This week as Fremont-based Solyndra sets about the grim business of filing for Chapter 11 bankruptcy (not to mention today's FBI search), it leaves in its wake ample confusion over California’s much vaunted “lead” in renewable energy — so much so that last week a national solar industries association felt compelled to issue a statement reassuring us that Solargeddon was not at hand. (Cy Musiker’s interview with Sev Borenstein of UC Berkeley’s Energy Institute provides some solid perspective on the Solyndra collapse).
It didn’t help that Solyndra had been the arc light of California’s renewable power surge. President Obama, Energy Secretary Steve Chu and former Governor Arnold Schwarzenegger had all led media parades through the company’s Fremont manufacturing plant. The bankruptcy announcement came within hours after Chu finished extolling California’s leadership at an energy “summit” in Las Vegas.

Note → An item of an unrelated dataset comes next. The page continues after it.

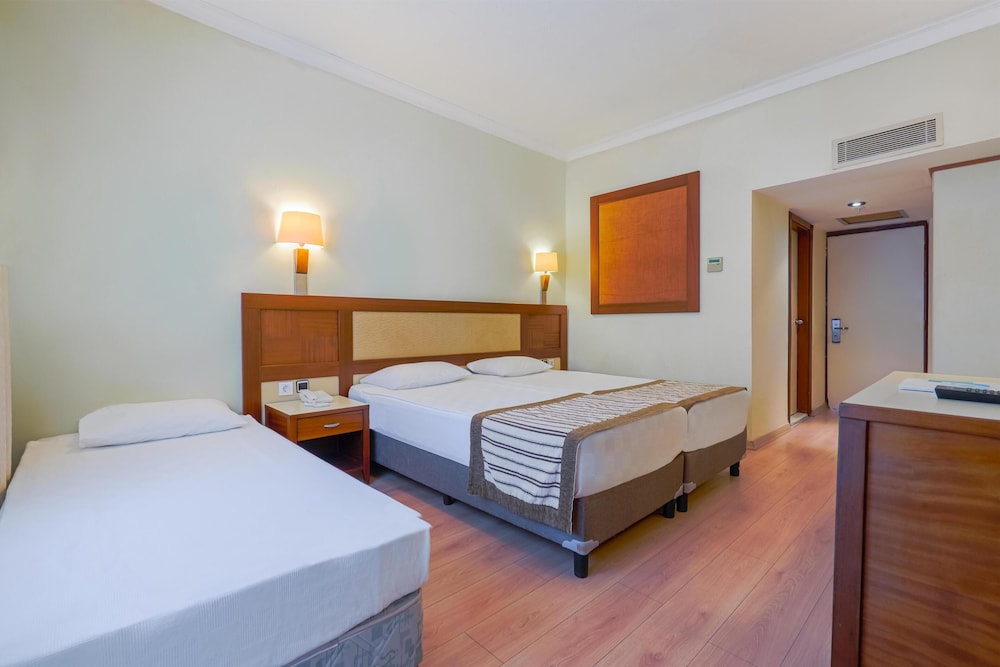 Sural Hotel - All Inclusive — Hotel rooms in Side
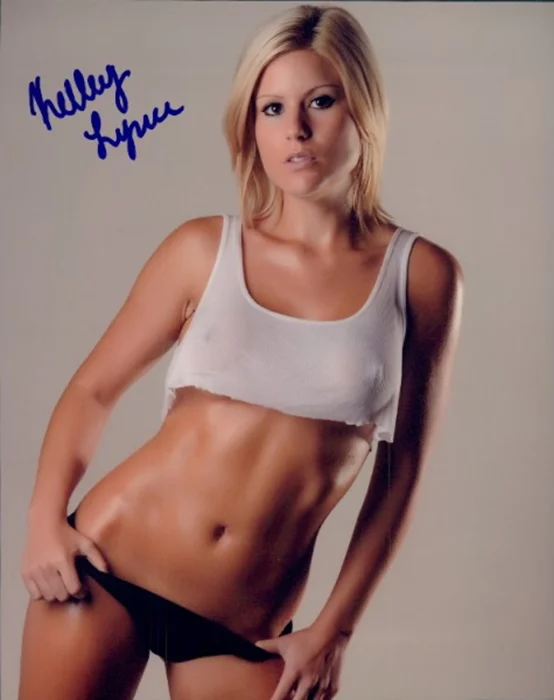 Kelley Lynn autograph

Recently I climbed to the roof of the Contra Costa County Office of Education with John Hild, for an overview of a new 700-panel solar array that covers the agency’s parking lot in Concord.
Hild, who manages facilities there, was impressed with the May electric bill, which had dropped to $19 from about $7,200 before the photovoltaic (PV) panels were hooked up. But Hild says it was tough to find American-made panels, something required by one of the incentive programs that CCCOE was tapping into to make the project affordable. In the end, they found some–but they were made in Arizona, not California, by the Chinese solar juggernaut SunTech.
At the same time that Solyndra was burning through federal stimulus dollars to gain traction with a new panel technology, SunTech and others were cranking out standard-technology panels, bringing the price down dramatically — 30% in 2011 alone, according to the Solar Energy Industries Association (SEIA).